Lucrecia sale de su casa vistiendo el tapado, los zapatos negros de taco alto y un vestido de verano con florcitas. Por la calle Lugones viene un colectivo. Se apura a cerrar la puerta, guarda las llaves en una cartera de noche y cruza la calle agitando el brazo. El colectivo para en la esquina.
[16]
INT. COLECTIVO. MEDIODIA.
Lucrecia pone las monedas en la máquina. El colectivo se sacude para un costado y Lucrecia se agarra como puede de un poste. Una VIEJA que combate el calor sofocante con un abanico la mira sorprendida. Lucrecia baja la mirada y se mira la ropa. Camina para el fondo del colectivo. Está casi vacío. Una MADRE le está cantando una canción a su HIJO de seis años.
MADRE
Quién sabe Alicia este país no estuvo hecho porque sí. Te vas a ir vas a salir pero te quedas dónde más vas a ir. Es que aquí, sabes que…
HIJO
El trabalenguas, trabalenguas…el asesino te asesina…
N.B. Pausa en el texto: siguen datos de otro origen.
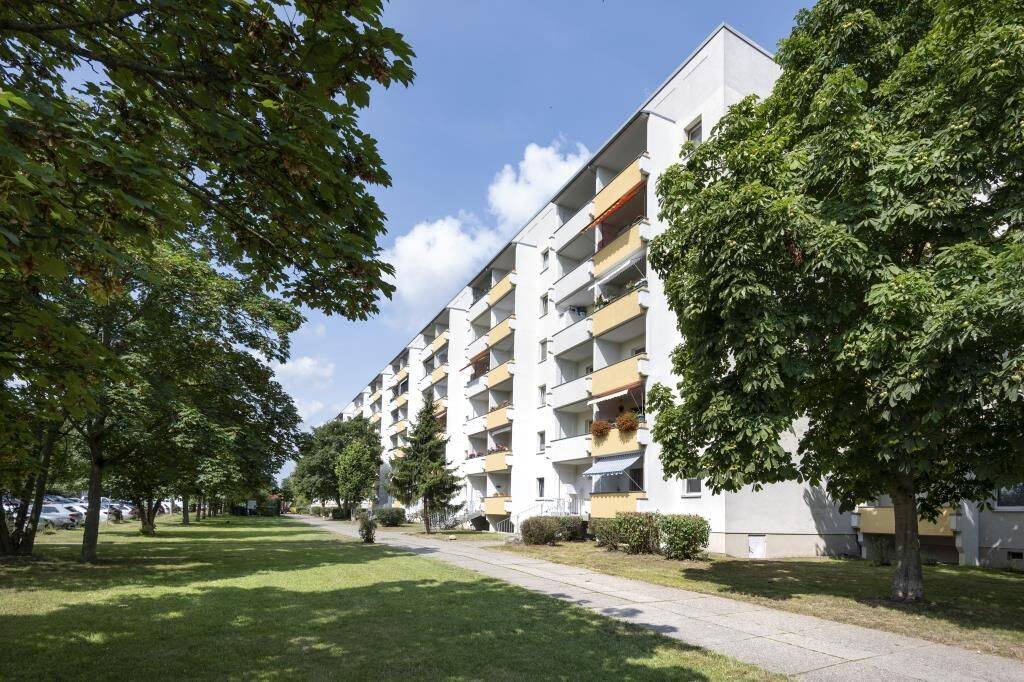 Günstig rein. Glücklich wohnen. / Move in affordably. Live happily., 4207 Leipzig (Großzschocher Grünau-Siedlung Kleinzschocher Lausen-Grünau)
Cuando Lucrecia pasa junto a ellos, la Madre le cuchichea algo al hijo y empiezan a reírse. Lucrecia se sienta y se abre el tapado. Tiene la frente cubierta de sudor.
[17]
EXT. CEMENTERIO DE LA CHACARITA. MEDIODIA
Lucrecia camina hacia el Cementerio de la Chacarita. Una VENDEDORA DE FLORES pregona su mercadería en la vereda.
VENDEDORA DE FLORES
Señora, un ramo de flores,.
LUCRECIA
Otro día.
Lucrecia saca el telegrama del bolsillo.
LUCRECIA
¿La secretaría?
VENDEDORA DE FLORES
Le digo si me compra unas flores.
LUCRECIA
Bueno, dame una flor. Cualquiera.
VENDEDORA DE FLORES
¿Una sola?
LUCRECIA
Si, con una alcanza.
La mujer le envuelve un clavel rojo.
VENDEDORA DE FLORES
Agarre por el caminito de la izquierda.
Lucrecia empieza a caminar en esa dirección.
VENDEDORA DE FLORES
Eh! Son dos pesos.
Lucrecia se da vuelta, abre la cartera y le paga.
[18]
EXT.SECRETARIA DEL CEMENTERIO. MEDIODIA
Lucrecia sube la escalera de la secretaría.

Foto T.C.T
[19]
INT. SECRETARIA DEL CEMENTERIO. MEDIODIA
Lucrecia apoya el clavel sobre el mostrador. El SECRETARIO está hablando con LAURA, su asistente. El secretario es un gordito que le cuesta la vida. No puede ni atarse los cordones sólo, pero eso no quiere decir que se un ingenuo o un boludo. En la mano lleva un pañuelo y cada dos por tres se seca un gota de sudor. Laura es una flaquita de anteojitos con cara de traga.
SECRETARIO
(con un mal tono)
Yo no agarro esa sartén por el mango. Yo ya les dije a esa gente. No sé si se lo llevaron, si se lo robaron, si se esfumó en el aire. No es problema mío. Que vayan a reclamarle a la policía.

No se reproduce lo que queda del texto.